- Classification: Division I
- Season: 1979–80
- Teams: 4
- Site: Dee Events Center Ogden, Utah
- Champions: Weber State (3rd title)
- Winning coach: Neil McCarthy (3rd title)
- MVP: Bruce Collins (Weber State)

= 1980 Big Sky Conference men's basketball tournament =

The 1980 Big Sky Conference men's basketball tournament was the fifth edition of the tournament, held February 29 and March 1 at the Dee Events Center at Weber State College in Ogden, Utah.

Top-seeded Weber State defeated in the championship game, 50–42, to clinch their third consecutive Big Sky tournament title. The Wildcats had played in all five finals, dropping the first two.

==Format==
Introduced in 1976, the Big Sky tournament had the same format for its first eight editions. The regular season champion hosted and only the top four teams from the standings took part, with seeding based on regular season conference records.

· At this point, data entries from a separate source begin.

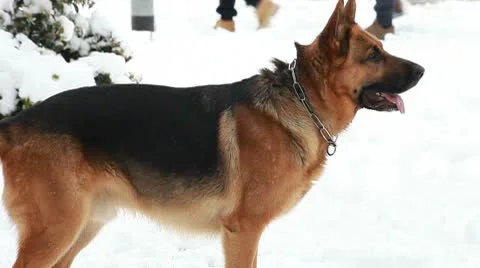 German shepherd running on the snow Stock Footage 10738891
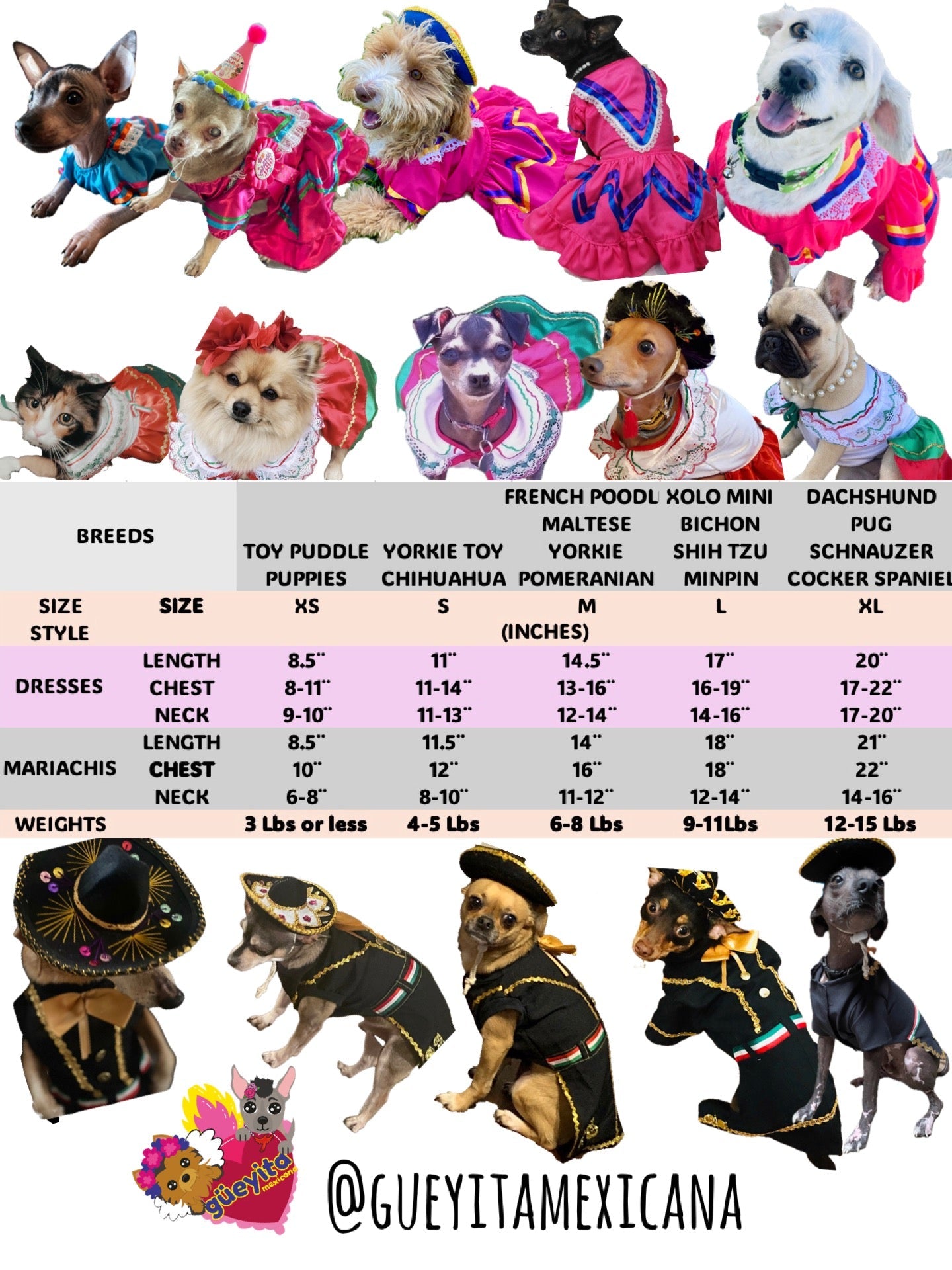 Mariachi Costume for female dog - GueyitaMexicana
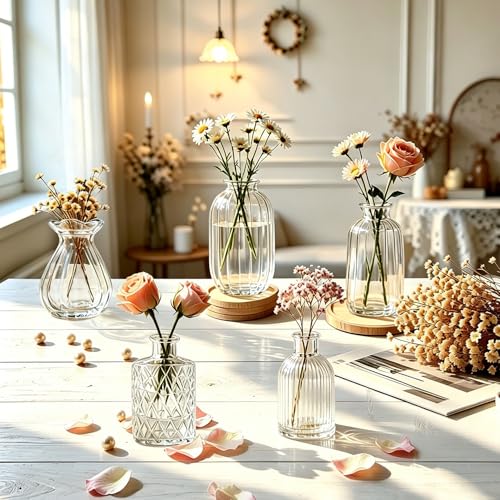 KJHL 5 Pcs Small Glass Bud Vases, Mini Flower Vases for Wedding Centerpiece - size: 5 Pcs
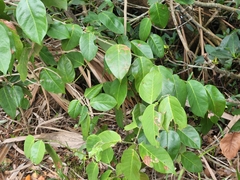 Dalbergia ecastaphyllum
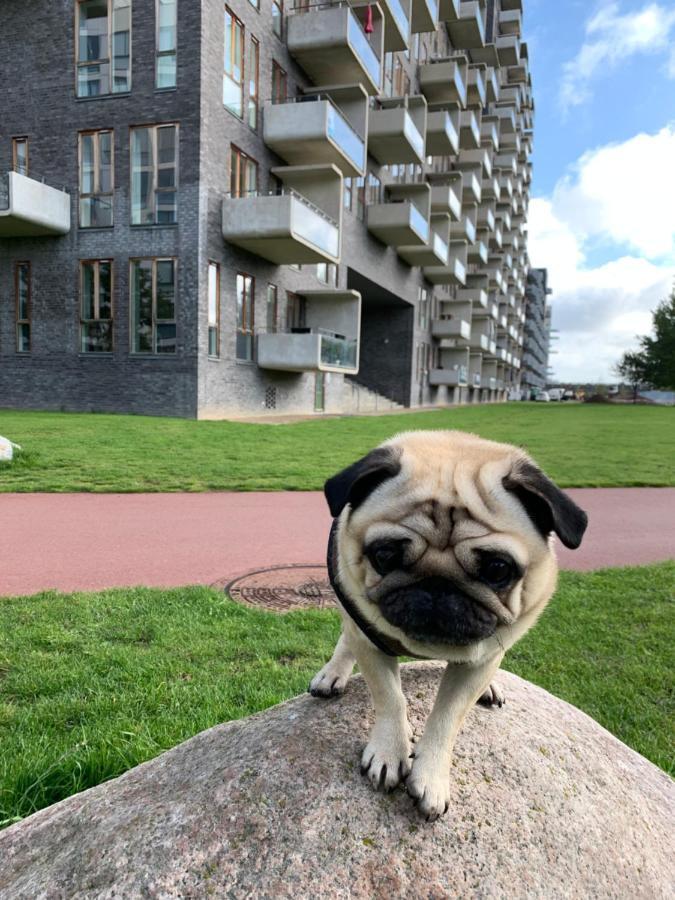 Cute Pug Guest Room Copenhague Exterior foto
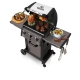 Broil King BBQ Grill (931254LP)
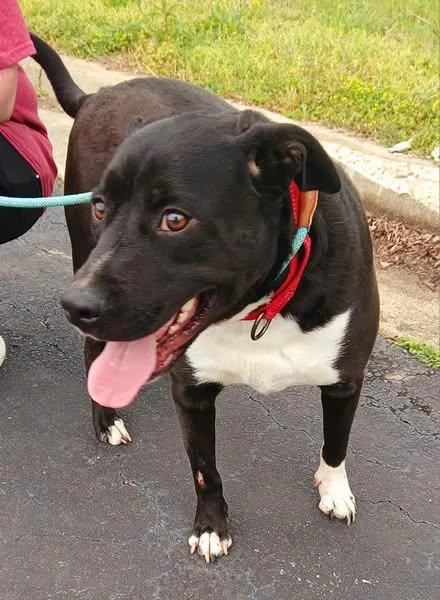 An adult medium-sized male White / Cream Labrador Retriever dog named Bear for adoption in Lonsdale, AR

Second-seeded Idaho made its inaugural appearance in the conference tournament, having been in last place in the previous five seasons. Membership in the Big Sky remained at eight: Gonzaga left in the summer of 1979 for the WCAC and was replaced by Nevada–Reno.

==NCAA tournament==
Weber State received the automatic bid to the expanded 48-team NCAA tournament, and were seeded seventh in the West region. In the first round at their home venue in Ogden, the Wildcats lost by a point to Lamar.